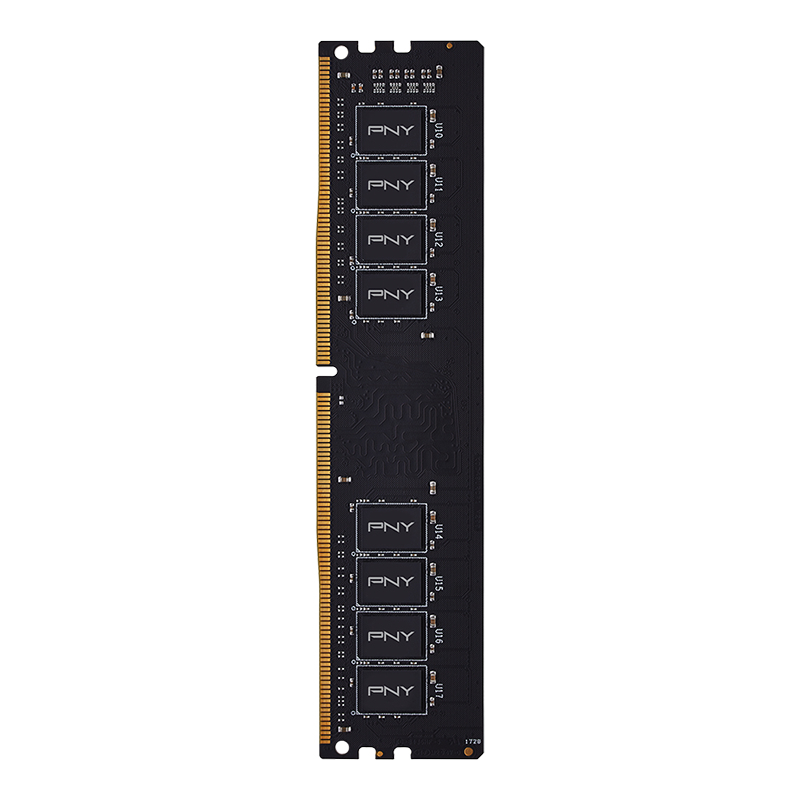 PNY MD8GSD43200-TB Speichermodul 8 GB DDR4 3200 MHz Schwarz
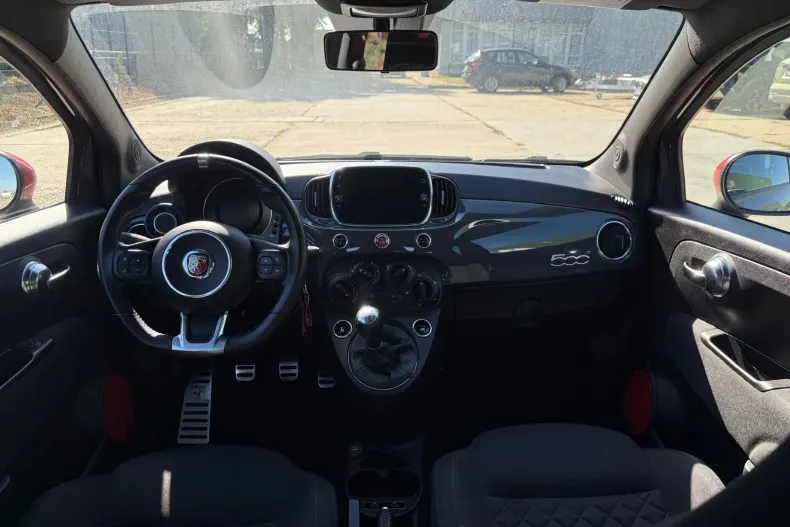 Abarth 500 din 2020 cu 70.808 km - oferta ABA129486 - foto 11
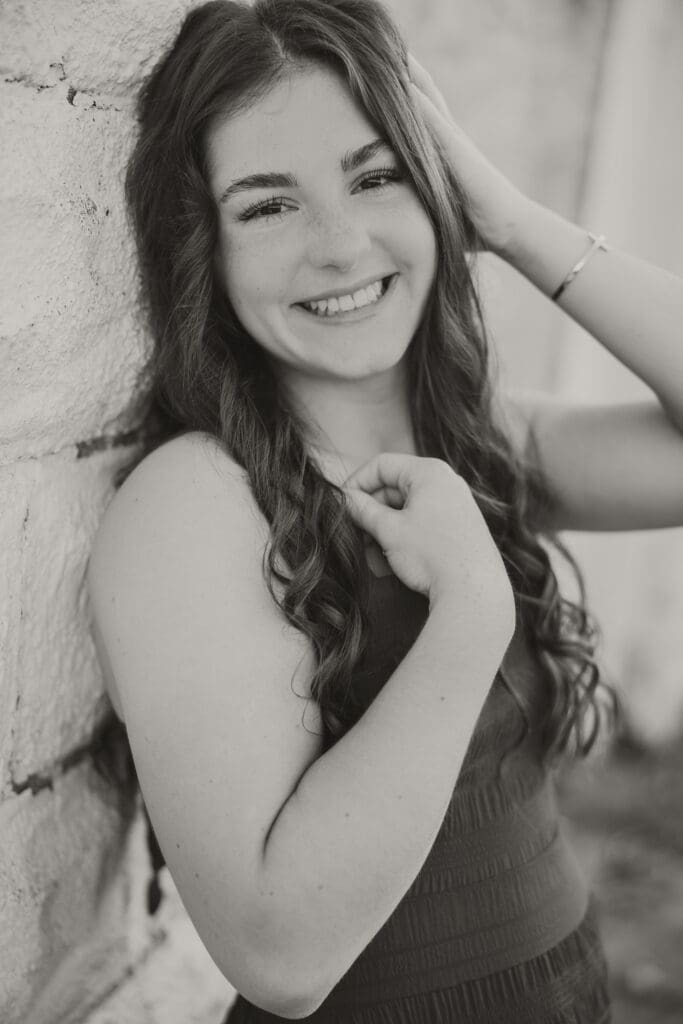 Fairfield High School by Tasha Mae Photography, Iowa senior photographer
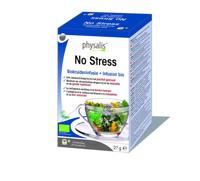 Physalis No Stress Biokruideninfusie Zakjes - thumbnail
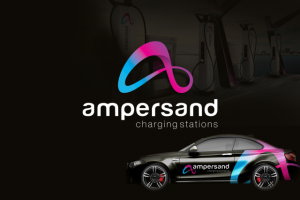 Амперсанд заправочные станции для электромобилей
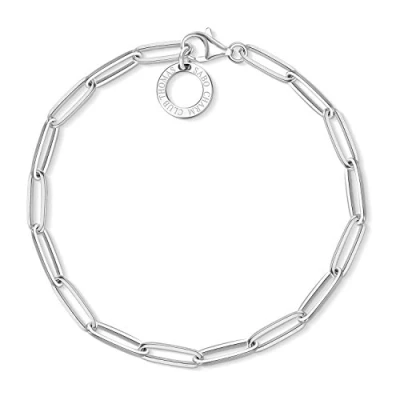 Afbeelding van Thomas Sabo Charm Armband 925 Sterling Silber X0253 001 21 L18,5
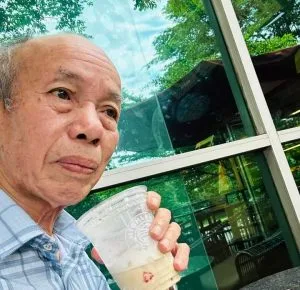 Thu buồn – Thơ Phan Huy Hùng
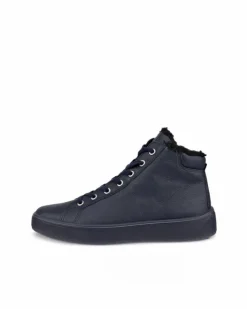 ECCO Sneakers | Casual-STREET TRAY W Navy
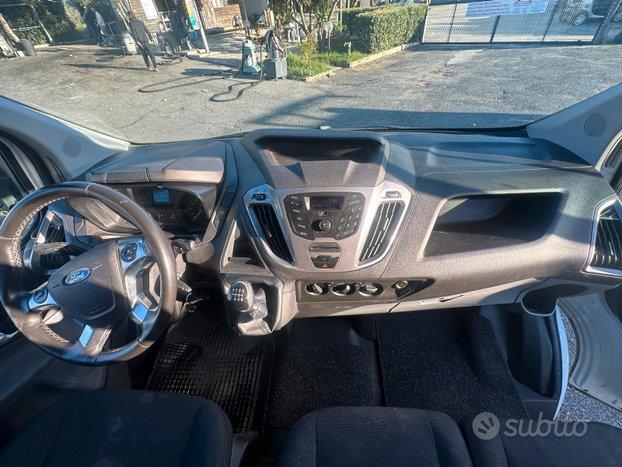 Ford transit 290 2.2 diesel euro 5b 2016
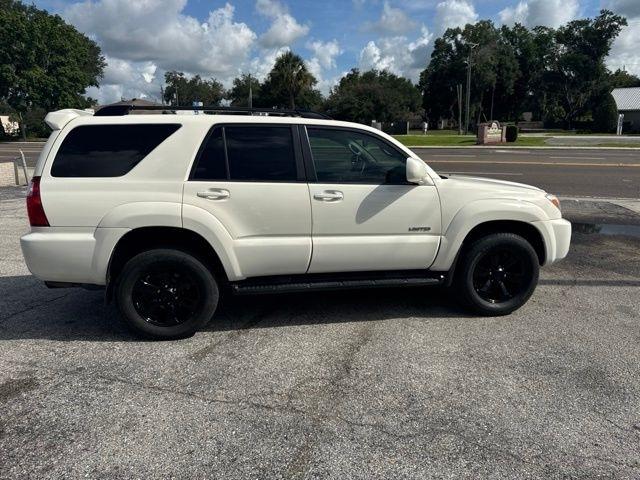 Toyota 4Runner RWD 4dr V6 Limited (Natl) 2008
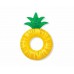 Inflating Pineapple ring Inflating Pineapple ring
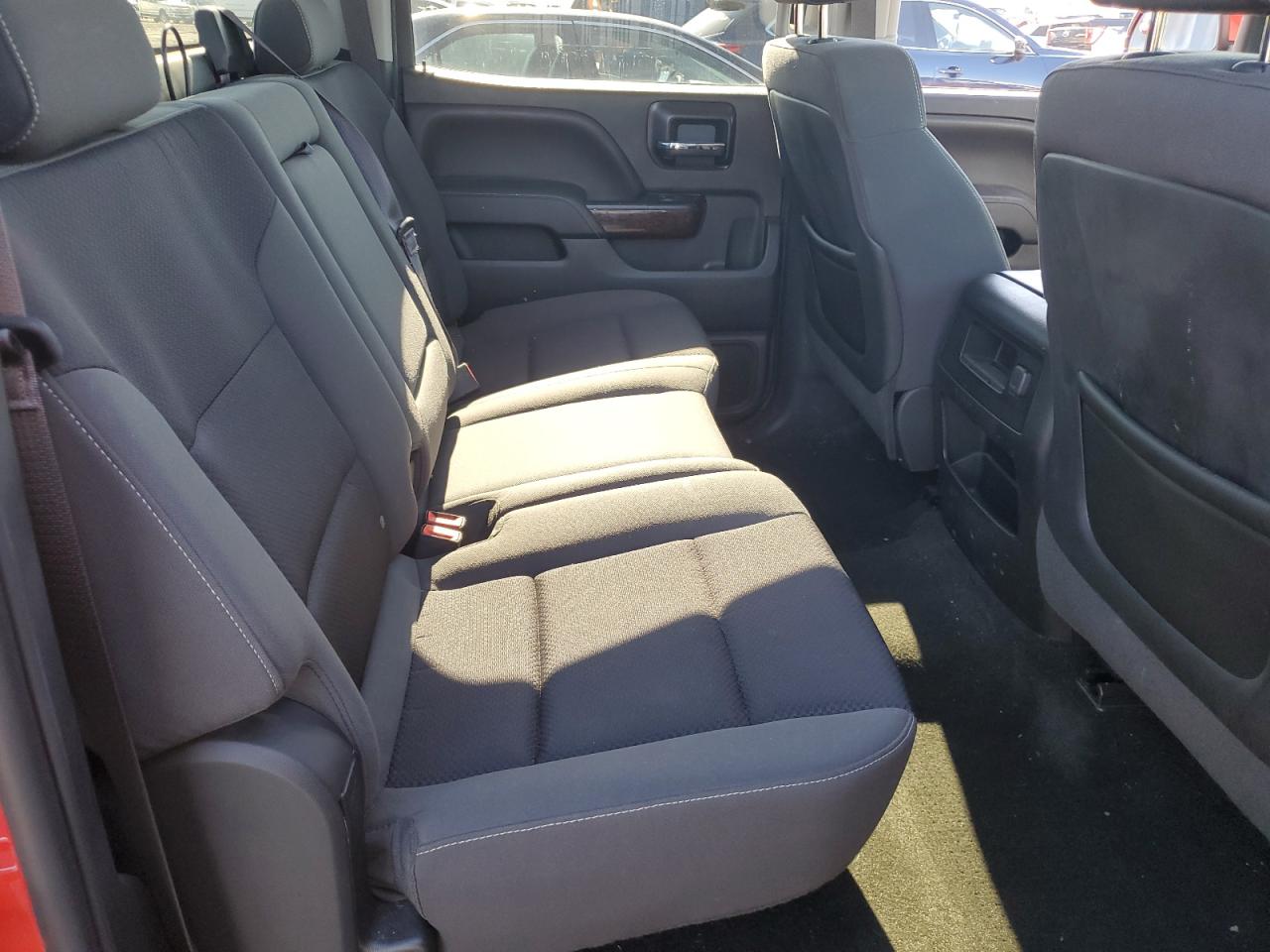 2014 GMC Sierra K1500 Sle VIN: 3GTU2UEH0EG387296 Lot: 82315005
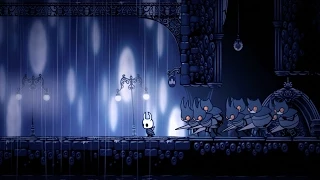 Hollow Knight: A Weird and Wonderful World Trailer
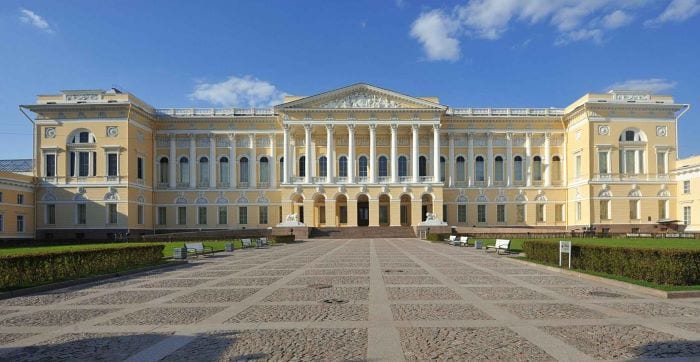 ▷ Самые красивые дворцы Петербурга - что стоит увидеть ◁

################

Leave out the pictures. Return exactly the lines from the first line of the records to the line bearing "Thu buồn – Thơ Phan Huy Hùng", inclusive.

 PNY MD8GSD43200-TB Speichermodul 8 GB DDR4 3200 MHz Schwarz
 Abarth 500 din 2020 cu 70.808 km - oferta ABA129486 - foto 11
 Fairfield High School by Tasha Mae Photography, Iowa senior photographer
 Physalis No Stress Biokruideninfusie Zakjes - thumbnail
 Амперсанд заправочные станции для электромобилей
 Afbeelding van Thomas Sabo Charm Armband 925 Sterling Silber X0253 001 21 L18,5
 Thu buồn – Thơ Phan Huy Hùng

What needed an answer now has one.